Making sense of the fourth industrial revolution
Despite the increased focus on the fourth industrial revolution (4IR or Industry 4.0) by government, industry, the media and various conferences, it remains difficult for organisations to understand what the impact of 4IR on their businesses is likely to be.
This is the conclusion reached by Alta van der Merwe, professor within the Department of Informatics at the University of Pretoria, and Aurona Gerber, associate professor within the department, who are researching the issue of Industry 4.0 and digital transformation.
They found that discussions about the impact of all these developments are better understood when placed within context, and a conceptual architecture that graphically illustrates the core components provides a mental map of aspects that need to be analysed to understand the impact.
"These aspects include technologies and technology fusion (in the middle because they drive change), surrounded by the specific profession (or domain), digital disruption and digital transformation," they explain.
"The technology layer refers to the different emerging technologies such as the Internet of things, artificial intelligence (AI), data science, blockchain, robotics, etc.
"Some of these technologies are not new; for example, AI is a concept that has been around since the 1950s.

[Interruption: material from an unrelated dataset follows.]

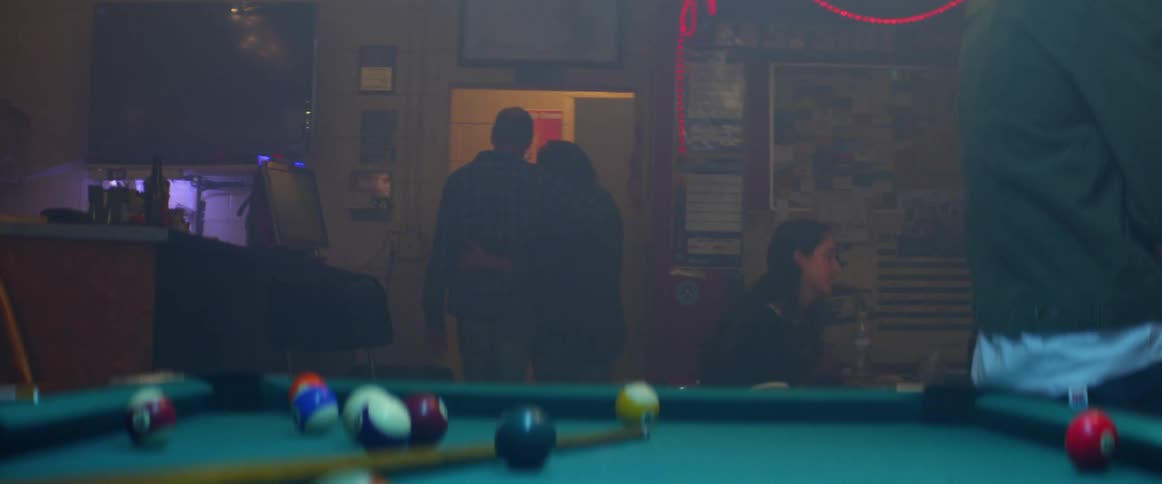 Couple walks out of a bar while holding each other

Other technologies such as blockchain emerged more recently.
"Dire predictions are usually made about how these technologies will forever change business and society but these predictions seldom have direct relevance to existing businesses.

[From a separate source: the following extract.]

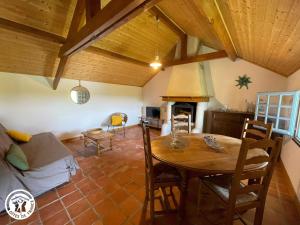 a kitchen and dining room with a table and a fireplace at Charmante chaumière traditionnelle dans le Marais breton - FR-1-426-584 in Beauvoir-sur-Mer +5 photos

"It is clear that management in an organisation has to understand what these technologies are and whether they are opportunities or threats. However, it is not clear how to assess technological impact without understanding that it is the fusion of technologies that enables change," note Van der Merwe and Gerber.
"A distinguishing factor of 4IR is that breakthroughs are the result of this fusion or collective and integrated use of disruptive technologies. The platforms that are central to companies such as Uber and AirBnB use, among others, social technologies, data, artificial intelligence and intelligent algorithms.

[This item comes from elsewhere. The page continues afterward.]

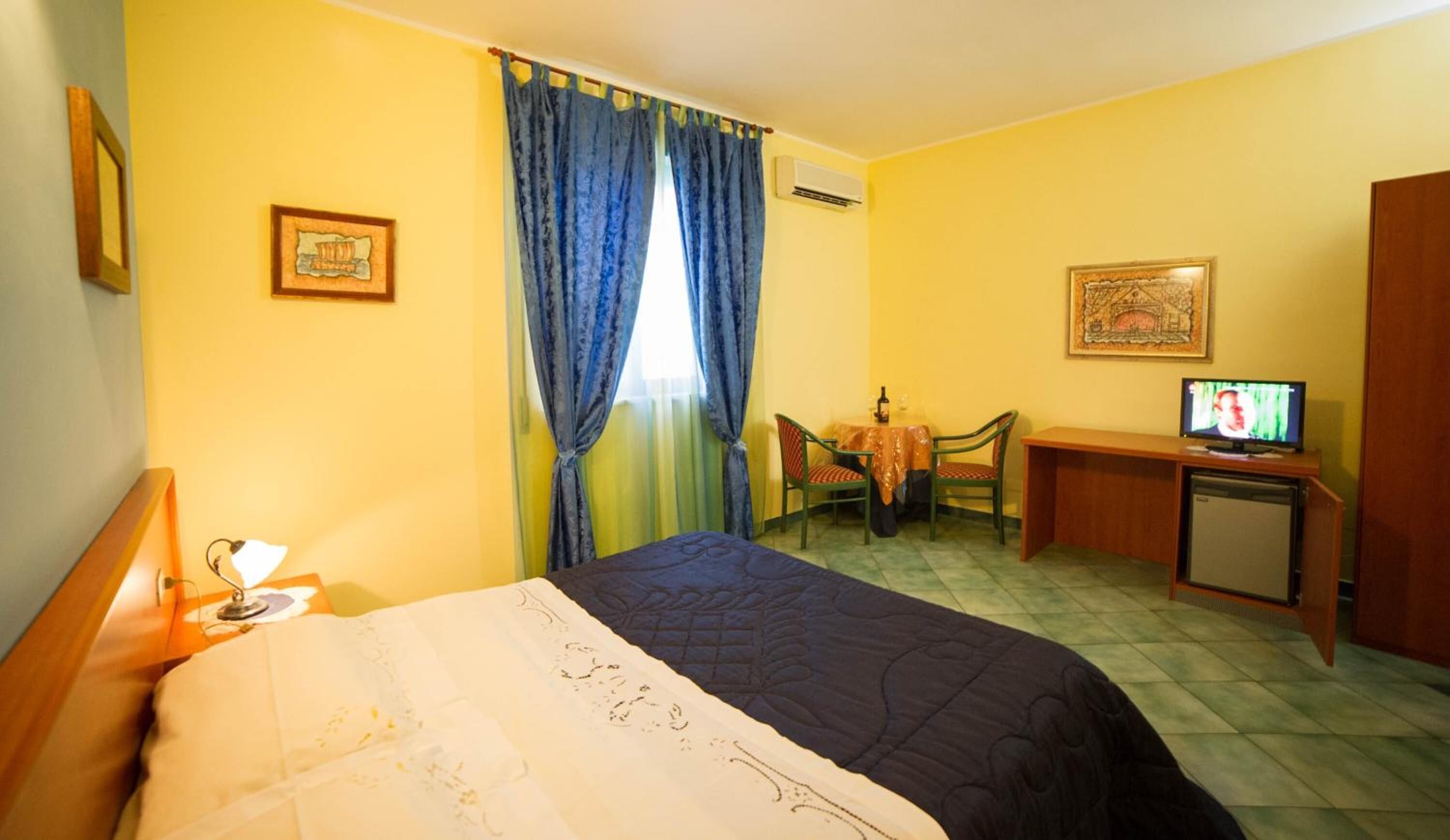 A hotel room with a bed, a desk, a chair, a television, and a small refrigerator.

"Autonomous vehicles are the products of several technologies, such as intelligent video analysis and mining algorithms, robotics, etc.
"Another emerging example of technology fusion is digital twins. A digital twin is a digital replica of a physical system that includes a version of its processes, people, places, systems and devices, and is used to simulate how such a system operates and lives throughout its life cycle, and this is made possible by using sensor data, simulation and artificial intelligence, computing power, etc.
"Technology fusion creates solutions that alter business and society, and have an impact on the existing functions and purpose of specific domains or professions. If the domain is the hotel business, the fusion of technologies that created AirBnB had a huge impact on the business models.
"A logistics company should take cognisance of autonomous vehicles that would change business models completely. A profession such as the financial profession might be impacted by a fusion of blockchain, data and AI with other technologies to automate some of its functions," they point out.
"Digital transformation focuses on the transformation of the business and the organisation specifically with regard to the different processes, activities, capabilities and models enabled by the fusion of digital technologies.
"This transformation may open up avenues towards new business models. The key of digital transformation is to do what you have been doing better, faster, cheaper, more intelligently and more efficiently. The organisation could strategically make use of business intelligence to make decisions and these decisions will likely be data-driven.
"Where digital transformation is linked to the existing organisation and its business, we also need to consider digital disruption, which might be a threat to existing business," they caution.
"Digital disruption is often mentioned when experts discuss 4IR and the future of the technological changes. Digital disruption creates completely new business models, and Uber and AirBnB are often cited as the best examples of platform businesses that disrupted industries such as the hotel industry and taxi transport.
"These companies do not own the assets they sell, but they are worth billions of dollars. Disruptive companies also emerge with interesting characteristics such as horizontal management structures, a flexible workforce without fixed job descriptions and an extreme focus on retaining customers through customer experience and buy-in.
"A conceptual architecture that depicts the core aspects driven by disruptive technologies could be used as a starting point to brainstorm the nature of business and society in the near future," Van der Merwe and Gerber conclude.